Maryland Crash Analysis - Predicting the probability of accidents on a given segment on a given time. This prediction can be used as an input to get safest route and to optimize ambulance car allocation.
- MRCA_Data_Aggregation.Rmd (Data Cleaning and Aggregation)
- MRCA_Data_Cleaning_Formatting.Rmd (Data Cleaning and Aggregation)
- MRCA_ML.ipynb (Data pre-processing and modelling)
- Merging eight different files which includes Road condition data, Weather Data, Person's data, Road map data, etc related to crash in Maryland.
- Performing preliminary analysis on the data set to completely understand the data, form some hypothesis, spot outliers and derive some new attributes. Also, performing Hot-Spot analysis using ArcGIS pro.
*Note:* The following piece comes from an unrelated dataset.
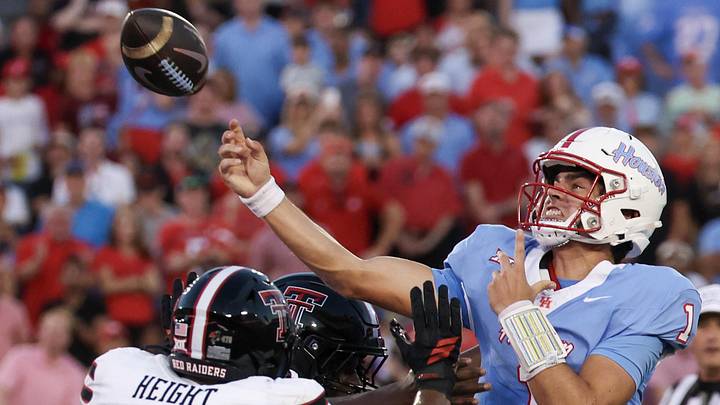 Oct 4, 2025; Houston, Texas, USA; Houston Cougars quarterback Conner Weigman (1) passes while being rushed by Texas Tech Red Raiders defensive end Romello Height (9) in the first half at TDECU Stadium. Mandatory Credit: Thomas Shea-Imagn Images Oct 4, 2025; Houston, Texas, USA; Houston Cougars quarterback Conner Weigman (1) passes while being rushed by Texas Tech Red Raiders defensive end Romello Height (9) in the first half at TDECU Stadium. Mandatory Credit: Thomas Shea-Imagn Images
- Performing data cleaning to get a complete data frame with no NA's, missing values and remove outliers.
- Performing data aggregation so as to avoid redundancy in data, to get the frequency of accidents per segments and to avoid high dimensional data in pre-processing stage.
- Performing Label Encoding, One Hot Encoding (dummy variables by avoiding dummy variable trap) and Feature Scaling on the data frame.
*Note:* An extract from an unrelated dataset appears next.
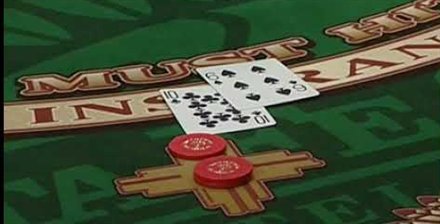 A super fun 21 felt with a ten and a five dealt above two red chips on the betting spot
- Here, we have all the positive records (accident occurred) but not a single record when the accidents did not occurred.
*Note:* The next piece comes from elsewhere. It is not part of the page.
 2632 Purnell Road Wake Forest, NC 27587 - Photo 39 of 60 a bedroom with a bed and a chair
- Any record for a particular time when there is "No Accident" in a particular segment can be considered to be a potential Negative Sample.
Machine Learning and Deep Learning Model:
- To identify the risk level of a road segment when compared to other segments, we try to forecast #accidents per segment (only positive samples)
- We build a deep neural network to forecast #accidents on different segments and visualize it on map of Maryland.
- Here, model finds the likelihood of an accident to occur on different segments (using negative and positive samples).
- Comparing results from Naive Bayes, SVM, Random Forest, Deep Neural Network.
- Classifying accidents to identify the its severity by applying different ML algorithms.
Research: Predicting next accident location based on temporal and spatial features using Recurrent Neural Network with Long Short Term Memory (RNN - LSTM).